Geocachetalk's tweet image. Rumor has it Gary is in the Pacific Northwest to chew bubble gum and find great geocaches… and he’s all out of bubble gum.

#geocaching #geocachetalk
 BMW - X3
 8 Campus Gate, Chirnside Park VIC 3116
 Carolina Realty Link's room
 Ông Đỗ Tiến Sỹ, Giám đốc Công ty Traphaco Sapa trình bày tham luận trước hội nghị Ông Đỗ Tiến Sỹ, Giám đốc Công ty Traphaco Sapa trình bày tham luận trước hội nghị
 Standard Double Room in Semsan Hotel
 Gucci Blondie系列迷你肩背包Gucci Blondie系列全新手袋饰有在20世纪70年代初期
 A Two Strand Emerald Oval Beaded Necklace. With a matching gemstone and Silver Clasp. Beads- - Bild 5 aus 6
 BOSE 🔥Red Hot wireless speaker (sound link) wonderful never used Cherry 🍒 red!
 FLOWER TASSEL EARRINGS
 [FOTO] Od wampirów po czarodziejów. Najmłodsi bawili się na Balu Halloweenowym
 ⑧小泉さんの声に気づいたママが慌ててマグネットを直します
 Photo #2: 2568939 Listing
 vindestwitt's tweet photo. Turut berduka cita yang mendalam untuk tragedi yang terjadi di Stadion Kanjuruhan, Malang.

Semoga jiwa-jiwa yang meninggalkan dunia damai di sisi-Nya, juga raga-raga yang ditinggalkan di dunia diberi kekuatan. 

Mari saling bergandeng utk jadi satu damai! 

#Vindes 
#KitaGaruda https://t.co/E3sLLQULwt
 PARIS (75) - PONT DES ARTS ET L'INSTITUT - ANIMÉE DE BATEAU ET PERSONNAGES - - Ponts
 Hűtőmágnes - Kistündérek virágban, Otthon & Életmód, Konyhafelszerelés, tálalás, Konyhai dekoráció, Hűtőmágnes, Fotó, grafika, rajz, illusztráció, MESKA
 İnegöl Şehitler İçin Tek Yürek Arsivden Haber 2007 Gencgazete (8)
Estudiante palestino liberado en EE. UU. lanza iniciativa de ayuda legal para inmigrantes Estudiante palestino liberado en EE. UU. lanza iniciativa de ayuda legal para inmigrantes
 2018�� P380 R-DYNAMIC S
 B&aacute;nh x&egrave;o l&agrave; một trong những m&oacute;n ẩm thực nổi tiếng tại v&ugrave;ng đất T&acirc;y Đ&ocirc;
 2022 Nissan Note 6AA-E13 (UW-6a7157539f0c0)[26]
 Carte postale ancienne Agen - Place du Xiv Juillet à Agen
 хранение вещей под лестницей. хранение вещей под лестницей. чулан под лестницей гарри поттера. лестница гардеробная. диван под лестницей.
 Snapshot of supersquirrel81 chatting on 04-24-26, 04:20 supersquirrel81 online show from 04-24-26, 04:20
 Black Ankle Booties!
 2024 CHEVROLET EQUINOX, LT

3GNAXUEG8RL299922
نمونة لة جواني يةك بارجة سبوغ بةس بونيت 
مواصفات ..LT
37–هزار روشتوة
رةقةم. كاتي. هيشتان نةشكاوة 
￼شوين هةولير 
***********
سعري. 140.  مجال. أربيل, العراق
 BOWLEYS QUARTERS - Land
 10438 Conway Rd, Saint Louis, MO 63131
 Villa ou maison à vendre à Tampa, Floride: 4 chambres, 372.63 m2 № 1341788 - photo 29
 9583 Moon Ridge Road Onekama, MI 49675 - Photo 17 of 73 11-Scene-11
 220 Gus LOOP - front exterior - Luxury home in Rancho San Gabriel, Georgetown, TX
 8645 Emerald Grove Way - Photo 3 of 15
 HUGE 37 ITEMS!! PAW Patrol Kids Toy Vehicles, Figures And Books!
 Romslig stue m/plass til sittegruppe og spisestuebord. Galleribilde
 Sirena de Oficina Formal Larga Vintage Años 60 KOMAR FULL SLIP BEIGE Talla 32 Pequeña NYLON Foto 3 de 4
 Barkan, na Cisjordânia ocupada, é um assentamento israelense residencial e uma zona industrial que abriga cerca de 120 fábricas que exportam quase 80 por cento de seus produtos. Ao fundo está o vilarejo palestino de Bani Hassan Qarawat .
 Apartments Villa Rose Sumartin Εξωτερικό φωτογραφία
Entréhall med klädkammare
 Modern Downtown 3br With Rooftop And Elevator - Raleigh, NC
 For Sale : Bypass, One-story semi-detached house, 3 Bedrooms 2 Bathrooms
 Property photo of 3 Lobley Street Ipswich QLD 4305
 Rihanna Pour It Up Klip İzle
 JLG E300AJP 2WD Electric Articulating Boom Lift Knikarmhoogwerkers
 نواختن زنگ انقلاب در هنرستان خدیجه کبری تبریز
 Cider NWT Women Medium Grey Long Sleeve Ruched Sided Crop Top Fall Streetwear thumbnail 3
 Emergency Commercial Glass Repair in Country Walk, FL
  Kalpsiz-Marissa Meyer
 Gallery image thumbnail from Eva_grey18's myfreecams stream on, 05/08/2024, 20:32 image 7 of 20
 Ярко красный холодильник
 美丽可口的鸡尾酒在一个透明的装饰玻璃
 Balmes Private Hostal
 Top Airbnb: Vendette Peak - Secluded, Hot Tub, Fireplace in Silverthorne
┄┄┄┄┄┄
Where the string "palestino" occurs in a line of the material above, copy the whole line.

Response to this exercise:
Estudiante palestino liberado en EE. UU. lanza iniciativa de ayuda legal para inmigrantes Estudiante palestino liberado en EE. UU. lanza iniciativa de ayuda legal para inmigrantes
 Barkan, na Cisjordânia ocupada, é um assentamento israelense residencial e uma zona industrial que abriga cerca de 120 fábricas que exportam quase 80 por cento de seus produtos. Ao fundo está o vilarejo palestino de Bani Hassan Qarawat .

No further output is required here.